Bike theft has been thriving in Britain over the past few years. According to figures from the Halifax, there's now one stolen almost every minute, and as the number of cyclists grow – so, too, do the levels of theft.

Over the past month alone, two people on my desk at work have had their bikes swiped – and the only reason I've managed not to avoid becoming a victim myself over the past couple of years is that I no longer leave my bike anywhere I can't see it for more than five minutes – unless it's in my flat, or locked up in the secure car park below The Independent's offices.

The sad fact is, this appears to be just about the only way to guarantee you won't get your bike nicked these days. Even spending £50, £70 or £90 on a lock, will not guarantee that you're protected from the most determined thieves. With the help of a little liquid nitrogen, a hydraulic jack or pair of industrial bolt cutters, you can get through just about any lock. Some of the older D-locks are actually very simple to crack open.

If you've got one of the old D-locks with a circular key, it's apparently relatively straightforward to open it using a Biro lid (there are dozens of demonstrations of this on You Tube, if you need to see for yourself). And even though most manufacturers have now discontinued these types of devices, I still have a few friends that rely on them.

When Boris Johnson got his own beloved Marin nicked two months ago, he wrote a blog on his website calling for greater use of tracker devices and decoy bikes – and it's good to know that he might make this a priority should he be successful in his bid for mayor of London. But I'm not sure tracker devices are necessarily the answer. It might help to catch some of the thieves, but surely most would quickly find a way to disable or destroy any tagging technology.

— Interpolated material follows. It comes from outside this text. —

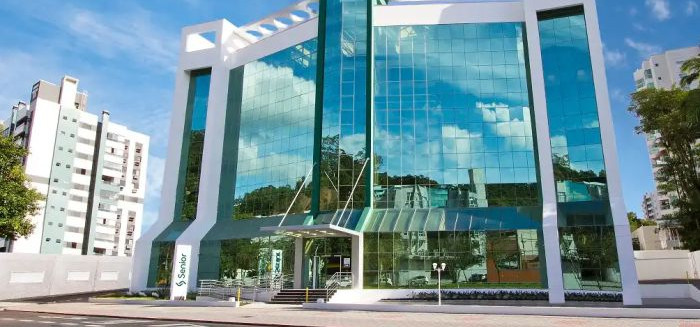 Senior abre vagas de estágio com benefícios que superam R$ 2 mil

A much better idea, in my opinion, would be to provide more secure and monitored bike parks in towns and cities, such as the scheme currently being trialled on a small basis in Portsmouth. This particular project is the brainchild of policeman David Fairbrother, who has created a new lock that sends a text message to a central control system when your bike is locked up. If someone tries to tamper with the lock, a warning is immediately sent to the centre, and CCTV cameras will provide live pictures of what's going on. A security guard can then be dispatched if it turns out that a theft is being attempted.

Obviously, such a scheme would prove very expensive if it were rolled out on a grand scale – and it's unlikely that the police in most cities are going to want to waste too many hours chasing bike thieves. However, if the control centre also had the chance to talk to the thief through a loudspeaker, warning that police were on their way (a technique that has proved very successful at preventing crime in Middlesbrough), this may well prove deterrent enough.

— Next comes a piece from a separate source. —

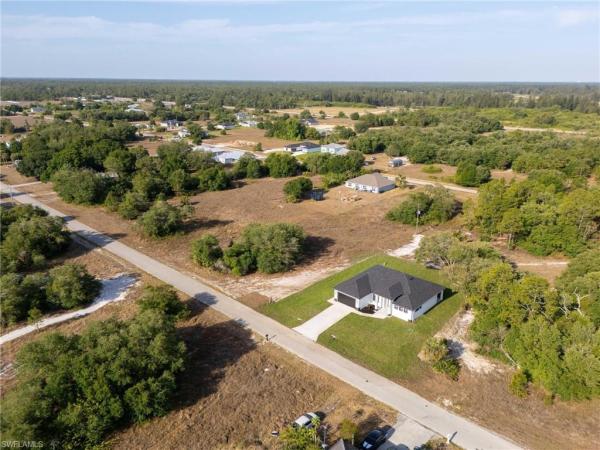 Lehigh Acres, 1721 Roosevelt Ave, Lehigh Acres, Florida 33972, image 1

Simply providing some large cycle parks in big city centres, manned by a permanent security guard, would be a giant leap in the right direction. While this, too, will cost money, local authorities and central government need to be prepared to invest if they are serious about getting more people out of their cars and on to their bikes. At the moment, theft is a real deterrent to using your bike for a journey into town – you can never be sure it'll be where you left it when you get back.

Meanwhile, if the Government is unwilling to invest, surely there is an opportunity here for a private operator? I know I would pay to leave my bike in a secure bike park – but I'm unaware of anywhere that provides such a facility in central London. Anyone fancy going into business with me?